GIROLAMO: Bisogna considerare che qui il Signore cambia la natura del sacrificio, ma non l’epoca del sacrificio. Non dobbiamo dunque mai celebrare la commemorazione della cena del Signore prima del quattordicesimo giorno della luna. Colui che celebrasse nel quattordicesimo giorno la risurrezione dovrebbe celebrare la cena all’undicesimo, cosa che non ha mai avuto luogo né sotto l’antica né sotto la nuova legge.
VERSETTI 26-31
E detto l’inno, uscirono verso il monte degli Ulivi. E disse loro Gesù: Tutti vi scandalizzerete di me in questa notte, poiché sta scritto: Percuoterò il Pastore e le pecore saranno disperse. Ma dopo che sarò risorto vi precederò in Galilea, Pietro gli disse: Anche se tutti si saranno scandalizzati di te, io non lo sarò. E Gesù gli disse: In verità ti dico che oggi, in questa notte, prima che il gallo abbia cantato due volte, tre volte mi rinnegherai. Ma egli diceva ancora di più: Anche se dovrò morire con te, non ti rinnegherò. E similmente dicevano anche tutti gli altri.
ILARIO: Come avevano reso grazie prima di bere, così rendono grazie anche dopo aver bevuto; per cui si dice: E detto l’inno, uscirono verso il monte degli Ulivi. E per insegnarci a rendere grazie prima e dopo aver preso del cibo.
GIROLAMO: Questo cantico è anche una lode per il Signore, secondo questa parola (Sal 21,27-28): «I poveri mangeranno e saranno saziati; loderanno il Signore coloro che lo cercano.
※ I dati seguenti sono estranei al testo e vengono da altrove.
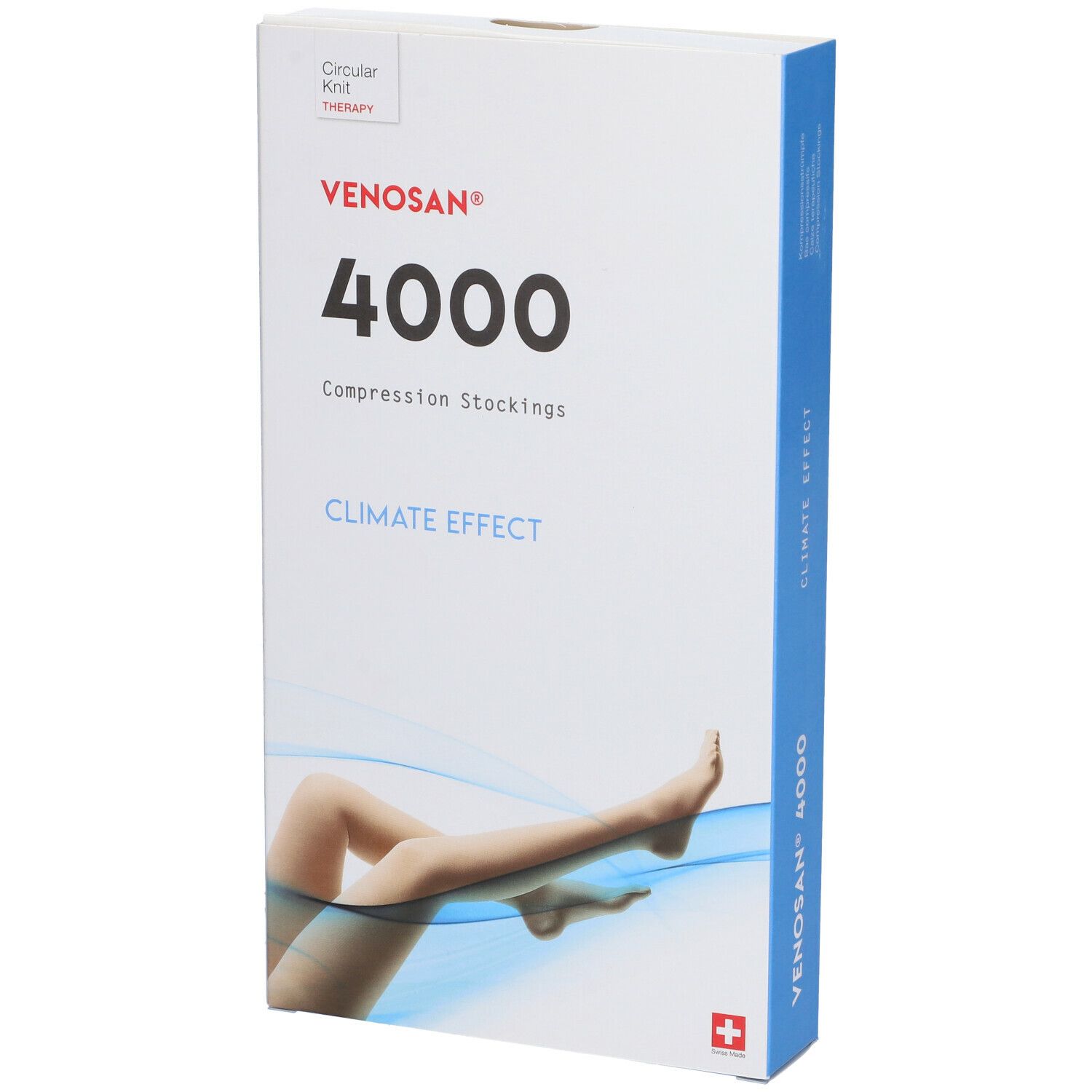 Confezione di calze a compressione Venosan 4000 in diagonale. Nome del prodotto, illustrazione della gamba e croce svizzera.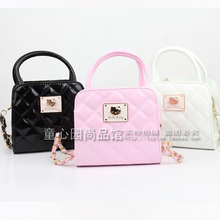 Free Shipping CChildren Princess hello Kitty Bag Handbags cartoon Mini size Metal Chain Girls PU leather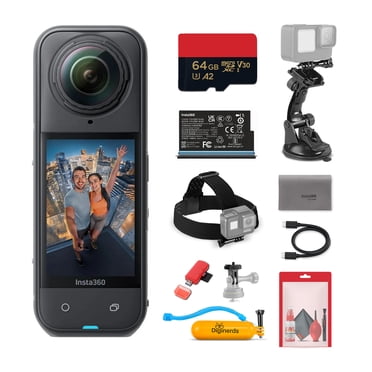 Insta360 X5 8K 360 Waterproof Action Camera |  1/1.28" Sensors, PureVideo AI, Stabilization, 185-Min Battery Life, Rugged Build (CINSAAHA_X501) + 50-in-1 Accessory Kit + 64GB Card + More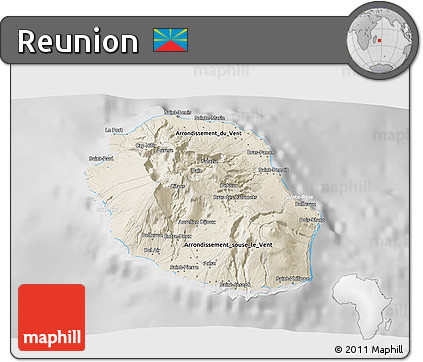 Shaded Relief 3D Map of Reunion, lighten, desaturated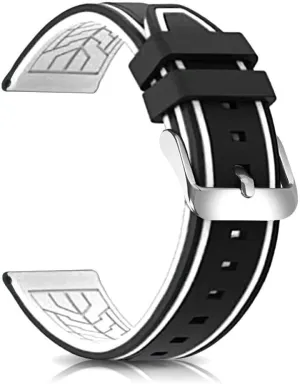 Silicone Watch Bands Divers Model Replacement Rubber Watch Strap 20mm 22mm 24mm 26mm Waterproof Line Bicolor Silver Buckle for Men and Women Sport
E tutti i ricchi della terra hanno mangiato e hanno adorato».
TEOFILATTO: Con ciò, cantando questo inno di azione di grazie nel momento in cui sta per essere tradito, egli ci mostra che gli era dolce morire per noi, e ci insegna a non rattristarci, ma a rendere grazie a Dio quando crediamo nella sofferenza per la salvezza degli altri, poiché egli nella nostra tribolazione opera la salvezza degli altri.
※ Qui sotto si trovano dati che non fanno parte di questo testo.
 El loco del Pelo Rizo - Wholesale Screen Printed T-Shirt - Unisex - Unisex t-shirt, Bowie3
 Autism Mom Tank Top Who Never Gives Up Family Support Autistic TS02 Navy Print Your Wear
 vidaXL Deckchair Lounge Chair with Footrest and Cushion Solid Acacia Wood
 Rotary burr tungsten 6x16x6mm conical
BEDA: Noi possiamo anche vedere, in questo cantico di azione di grazie, che egli, come riferisce Giovanni, rendeva grazie a suo Padre e pregava levando gli occhi al cielo per sè stesso e per i suoi discepoli, e per tutti quelli che dovevano credere nel suo nome.
TEOFILATTO: Egli va verso la montagna, affinché, trovandolo in solitudine, lo si possa prendere senza tumulto. Se essi l’avessero preso in mezzo alla città, forse tutta la folla del popolo ne sarebbe stata turbata, e i suoi nemici avrebbero potuto trovare, in questa agitazione, una giustificazione per impadronirsi di lui, come agitatore della folla.
BEDA: In senso mistico è assai notevole che il Salvatore conduca i suoi discepoli sul monte degli Ulivi, dopo averli fatti partecipare ai suoi misteri; ed è per insegnarci a servirci della nostra partecipazione ai sacramenti per levarci alle virtù e ai doni dello Spirito Santo più sublimi; e per questa virtù e per questi doni che i nostri cuori sono consacrati dall’unzione divina.
GIROLAMO: E sullo stesso monte degli Ulivi, dove è stato fatto prigioniero, che Gesù si eleva al cielo, e ciò per insegnarci che noi saliamo al cielo dal mezzo delle nostre preghiere, delle nostre veglie, delle nostre prove, quando non le respingiamo.